Wyciskamy na maksa sezon truskawkowy, przecież trzeba nimi naładować baterie na cały rok.
Chłodnik truskawkowy to nic innego jak jogurt z truskawkami i makaronem. Ja lubię w tej kolejności a dzieciaki wolą więcej makaronu a mniej płynnego i wtedy to po prostu makaron z sosem truskawkowym.
Jakby tego nie nazwać to danie jest genialne.
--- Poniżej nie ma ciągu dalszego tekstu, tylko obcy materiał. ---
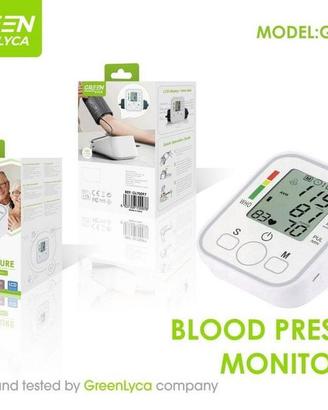 Misuratore Pressione Green Lyca GL70097 LCD Nuovo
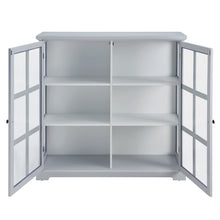 Load image into Gallery viewer, white accent cabinet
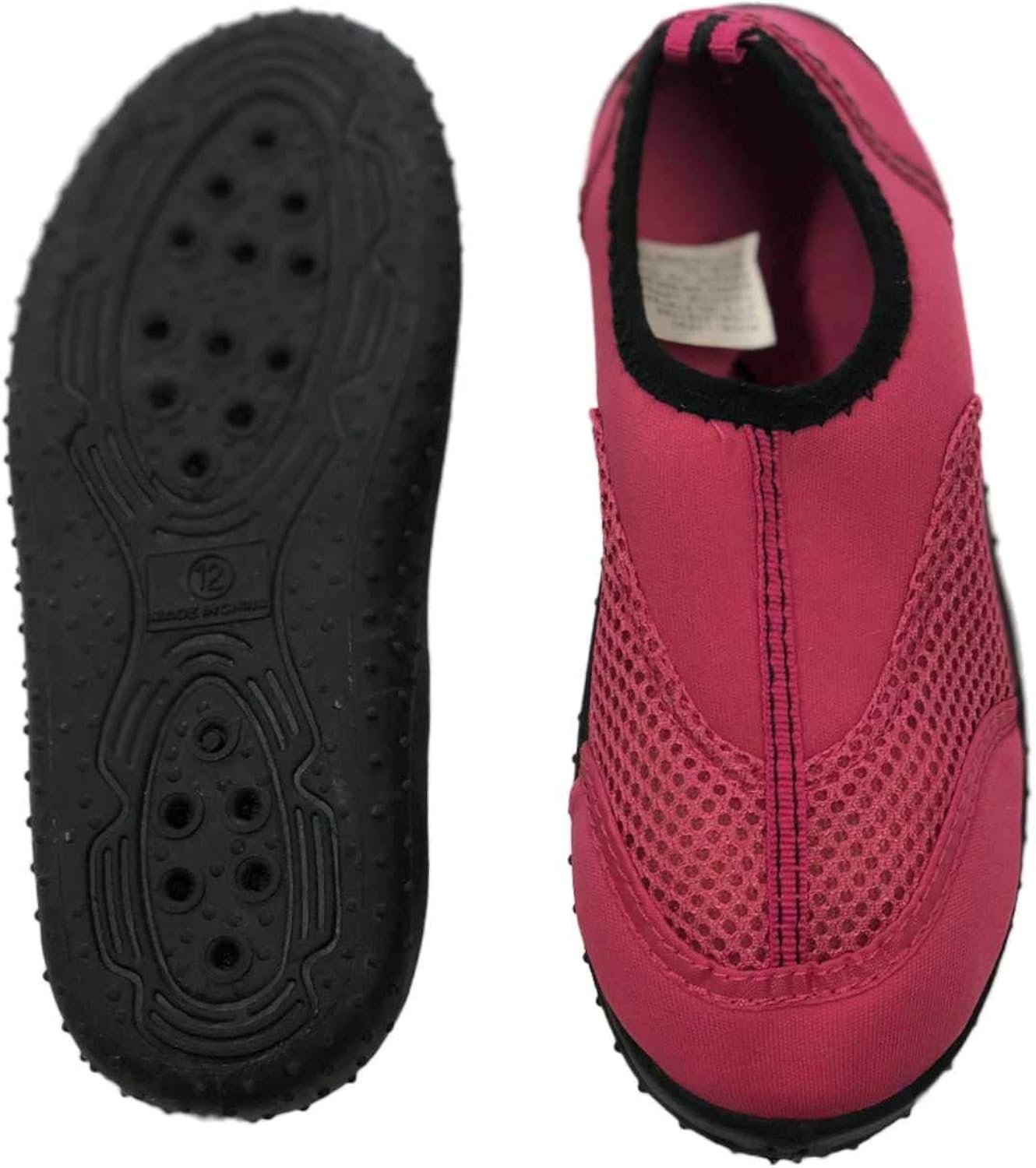 pink water shoes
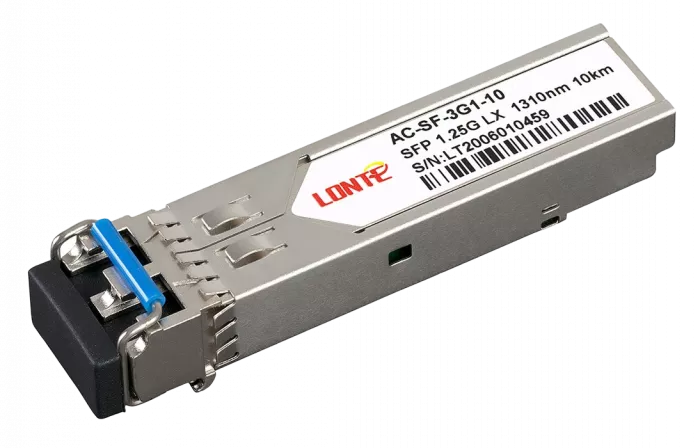 Оптический трансивер SFP 1.25G 1310nm 10km LC SMF DDM
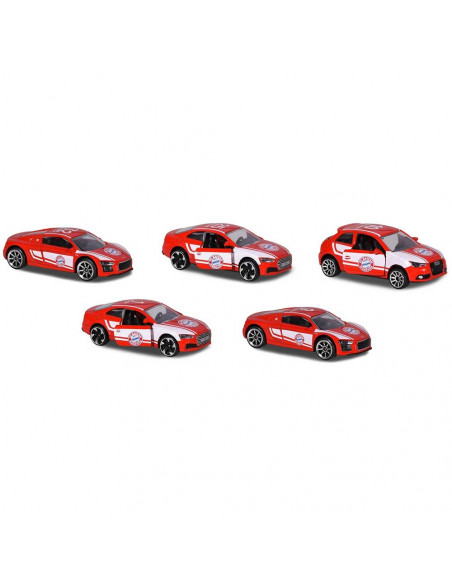 Set Majorette 5 Masinute FC Bayern Munchen,S212053173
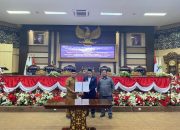 DPRD Kukar Sahkan Dua Raperda, Lima Raperda Baru Dibahas Pansu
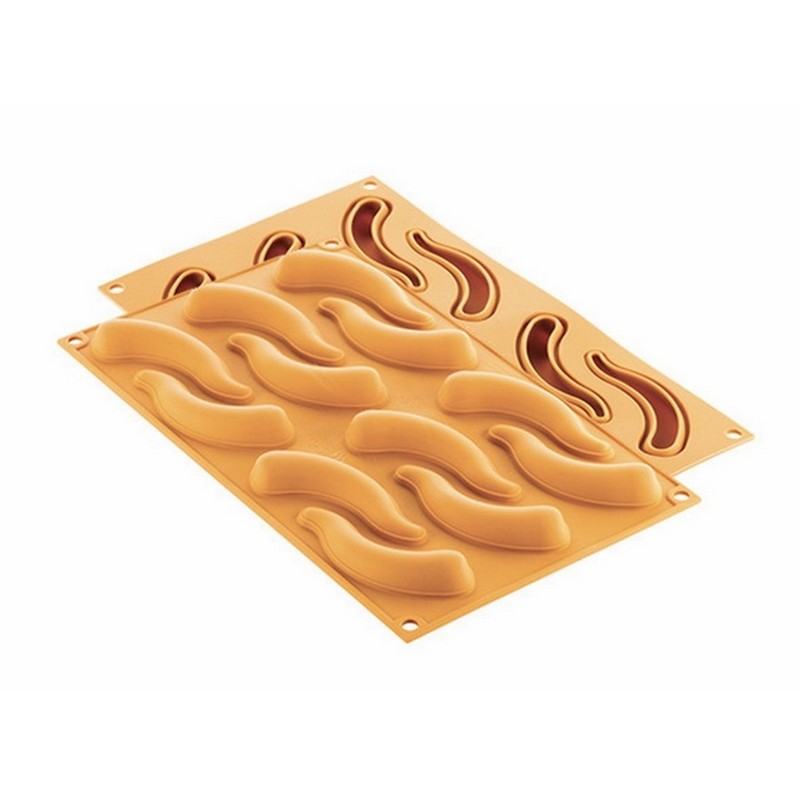 PEPERONCINO 13 STAMPO IN SILICONE 12 IMPRONTE 91X31XH16 MM SILIKOMART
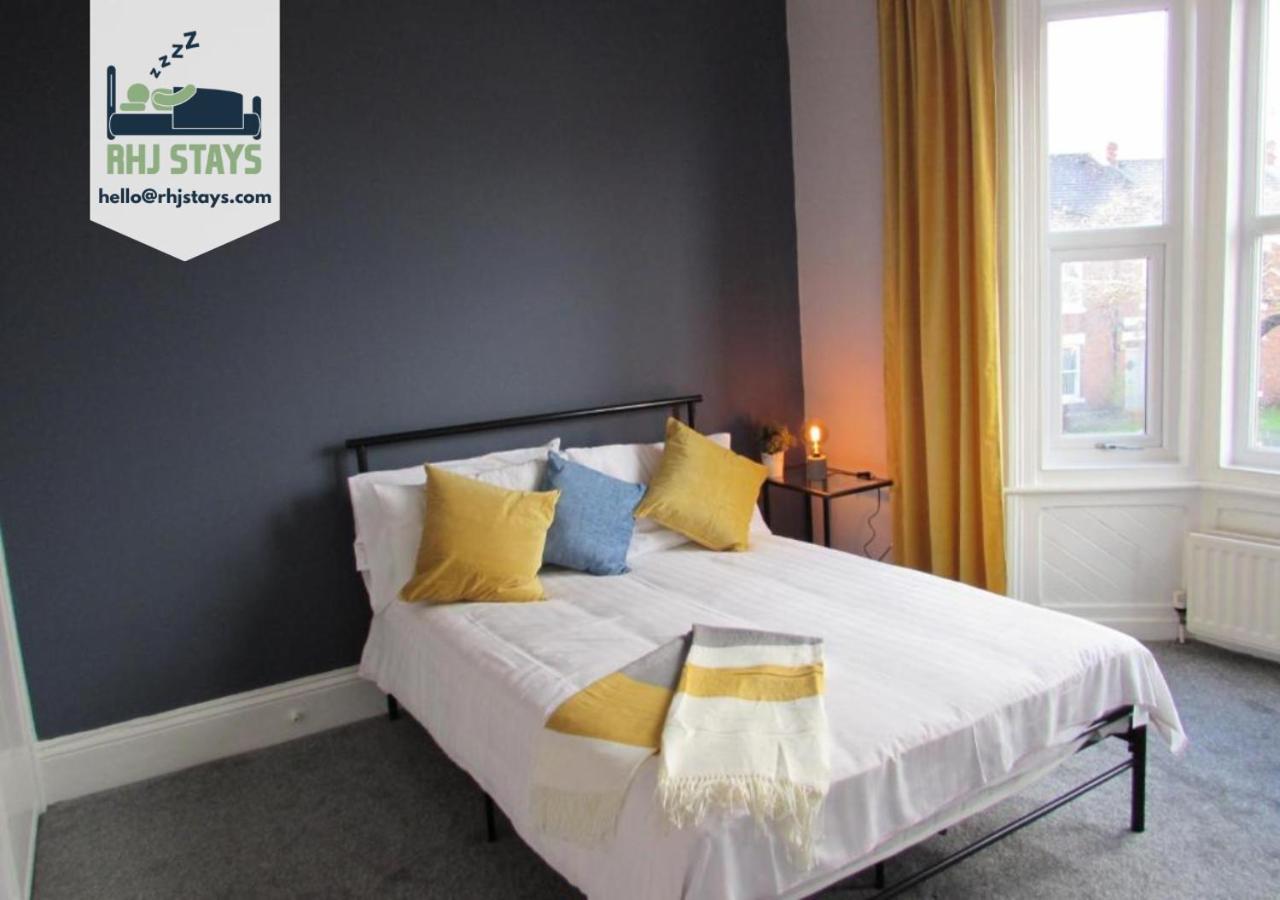 Heaton-Beautiful 3 Double Bedrooms Sleeps 6 Free Parking And Wifi Newcastle-upon-Tyne Extérieur photo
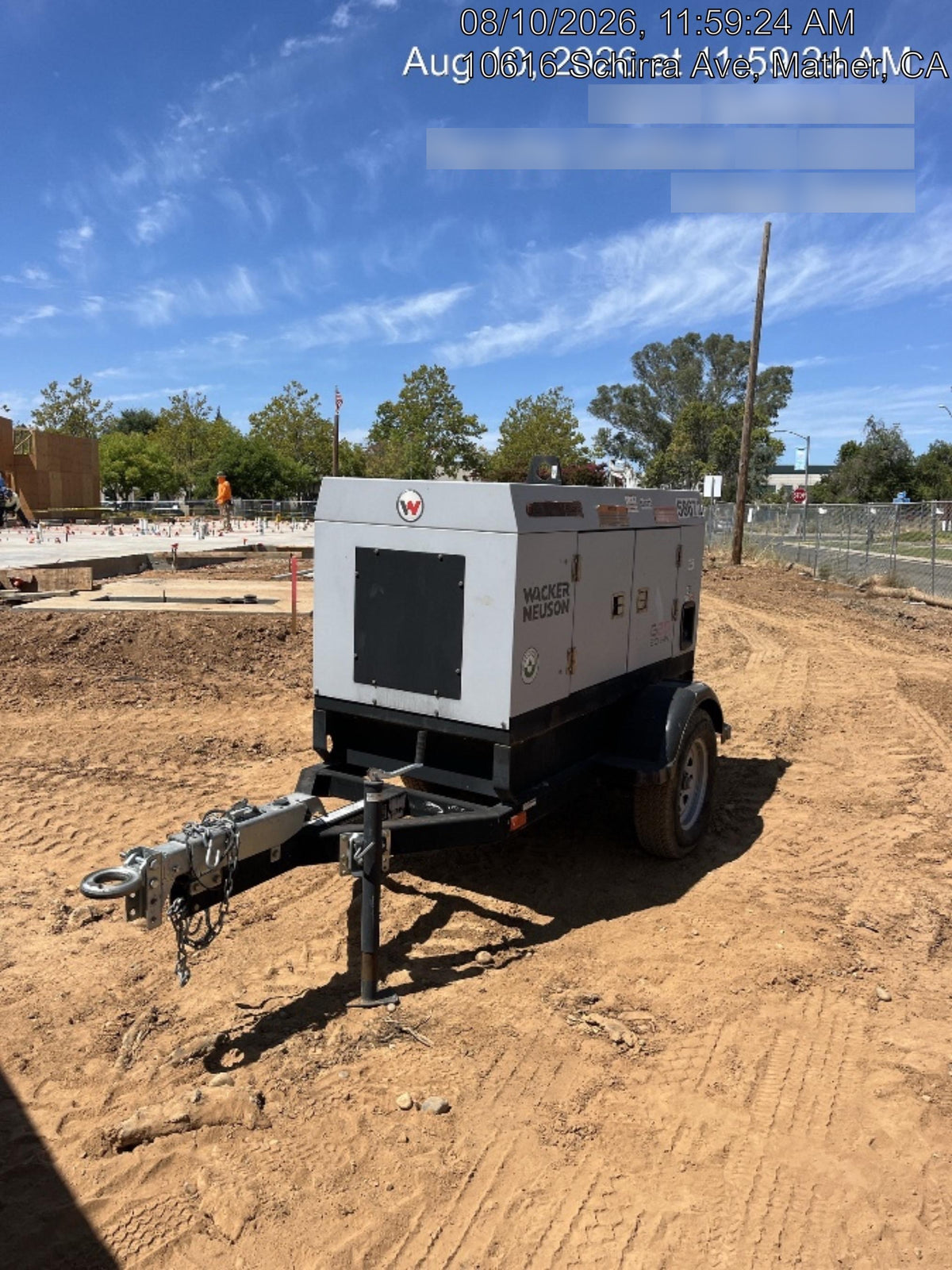 2020 WACKER NEUSON G25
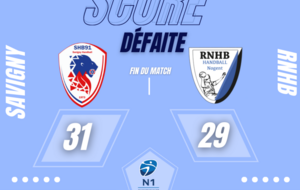 Résultat J17 : Championnat de France de N1 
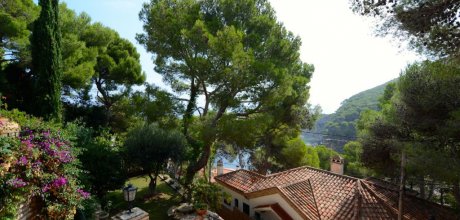 BG 831 Villa exclusive pour 9 personnes avec piscine privée et vue sur mer à  Sa Tuna Costa Brava
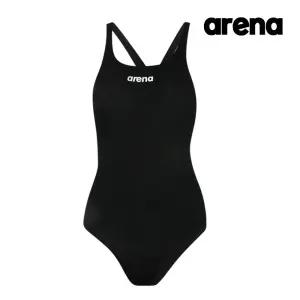 [아레나] 팀 스윔 프로 솔리드 여자 원피스 블랙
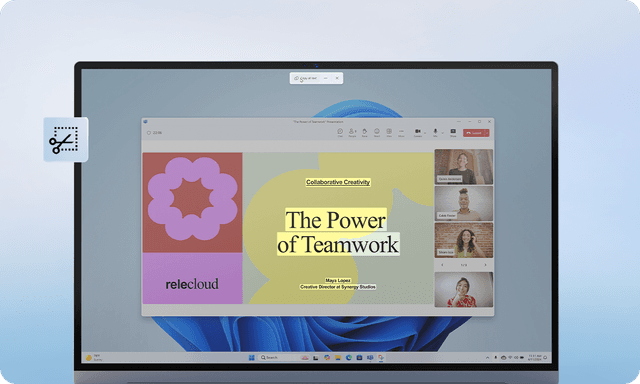 Windows 11 – Klipp ut – del, skann eller lagre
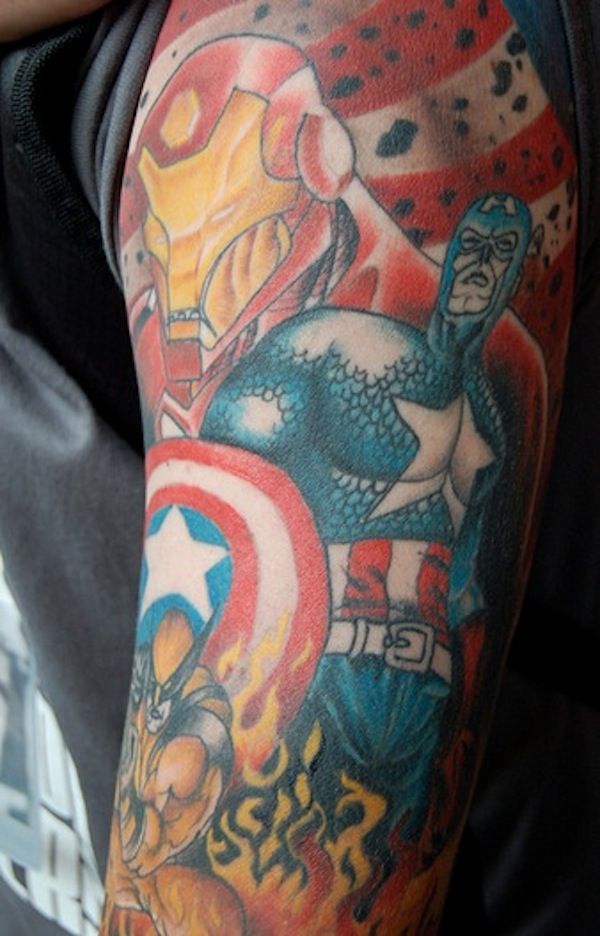 avengers tattoos 56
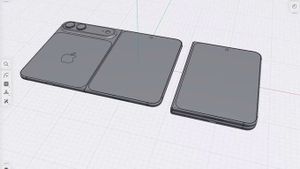 Bocoran iPhone Fold Muncul Lagi, Desainnya Disebut Mirip iPad Mini Saat Dibuka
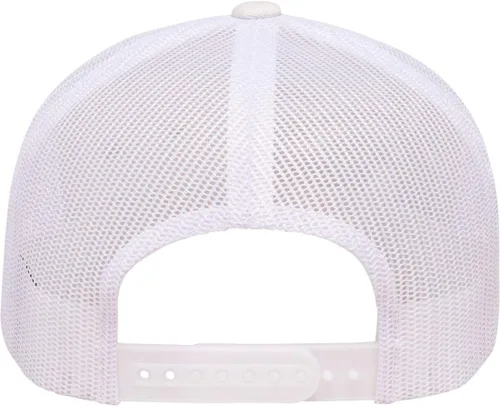 Vista 3 de Yupoong Gorra de camionero retro Multicam de Yp Classics Alpine/Blanco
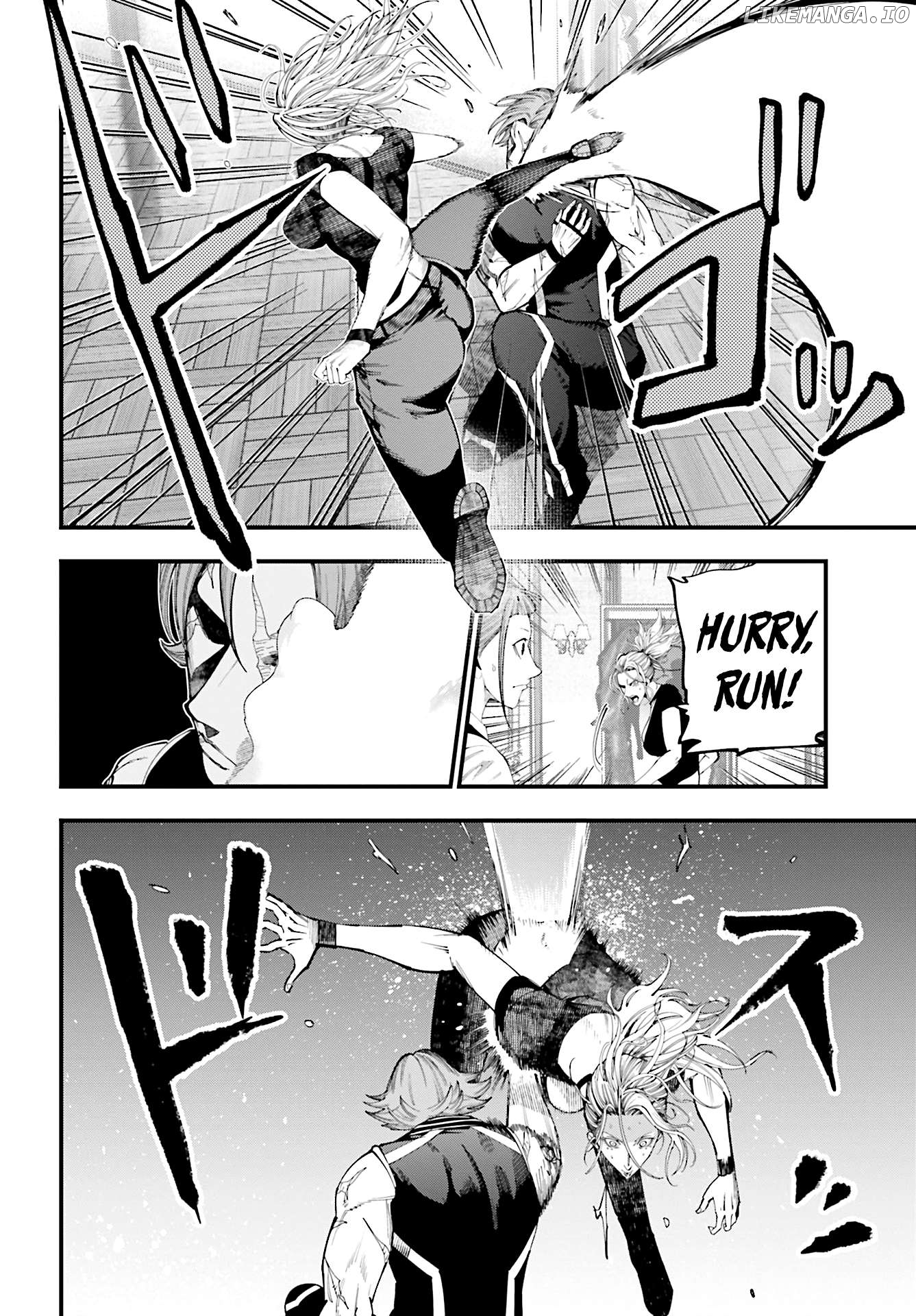 Shuumatsu no Valkyrie Kitan – Jack the Ripper no Jikenbo Chapter 41 - page 11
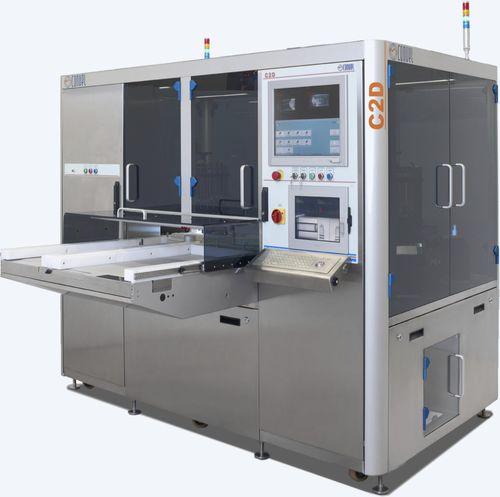 video inspection machine / automatic / ampoule / high-speed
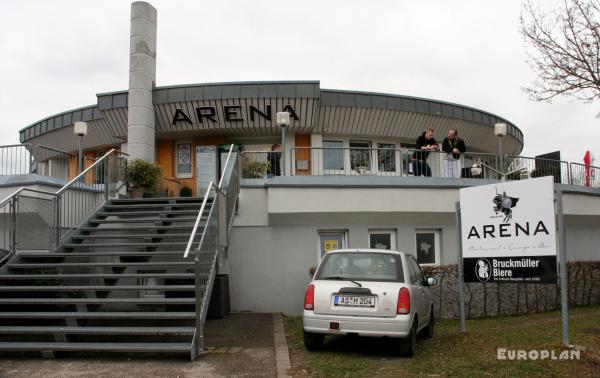 Stadion Am Schanzl - Amberg/Oberpfalz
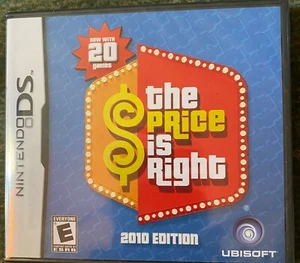 The Price is Right 2010 Edition Nintendo DS 2009 Brand New SEALED NOS Ubisoft - Picture 1 of 3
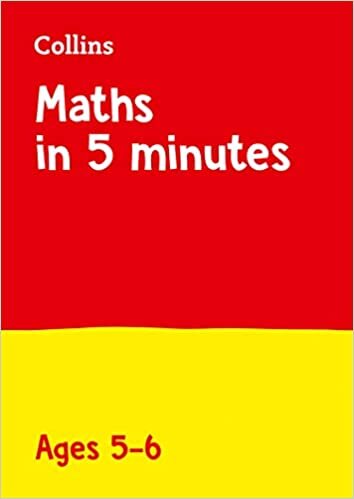 ダウンロード  Maths in 5 Minutes a Day Age 5-6: Ideal for Use at Home 本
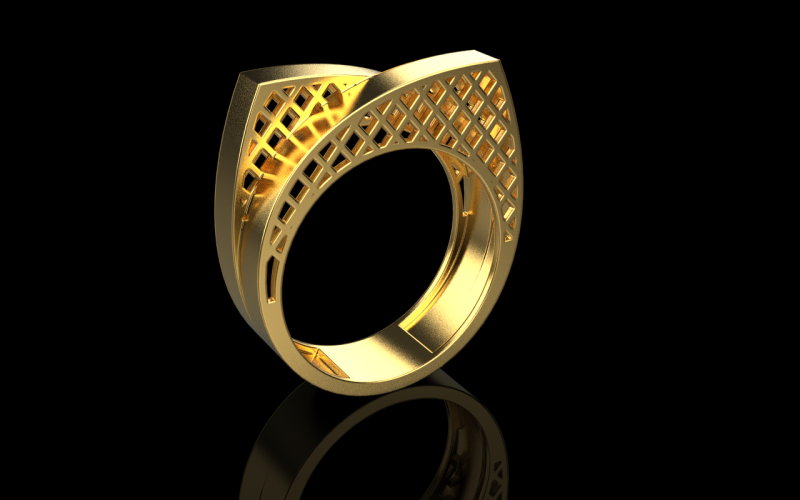 リングモデル 794 3Dプリントモデル .c4d .max .obj .3ds .fbx .stl .blend 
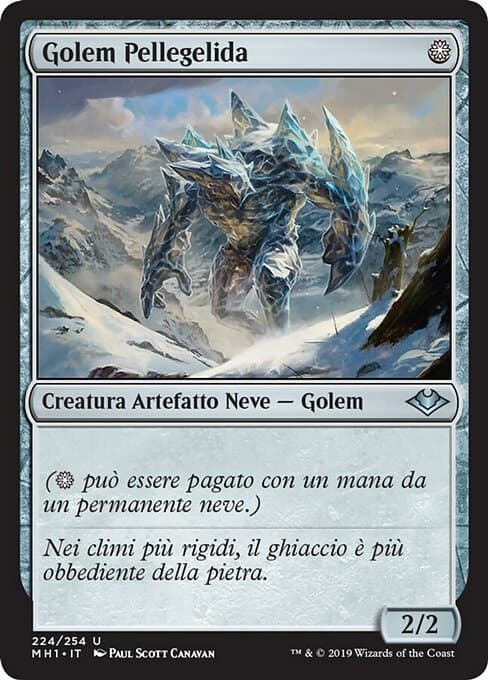 Icehide Golem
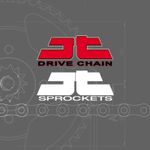 Kit chaine JT 520HDS 13/48 super-renforcée - couronne ultra-light anti-boue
Tanie, banalnie proste, szybkie a palce lizać.
Chyba każdy z nas w dzieciństwie jadał. A jeśli znajdzie się ktoś, kto nie jadł to obowiązkowo ma spróbować. W końcu podwieczorek musi być:)
Składniki na 4 porcje:
- 600 g mocno dojrzałych truskawek
- 400 g greckiego jogurtu
- 2 łyżki cukru pudru
- makaron muszelki
- szczypta cynamonu
Makaron ugotować w osolonym wrzątku, odcedzić. Truskawki umyć, odszypułkować. Zasypać cukrem i blenderem rozdrobnić. Połowę musu truskawkowego wymieszać z jogurtem. Do miseczek nałożyć makaron, zalać jogurtem z truskawkami. Na wierzch wylać mus truskawkowy. Posypać szczyptą cynamonu. Podawać na zimno.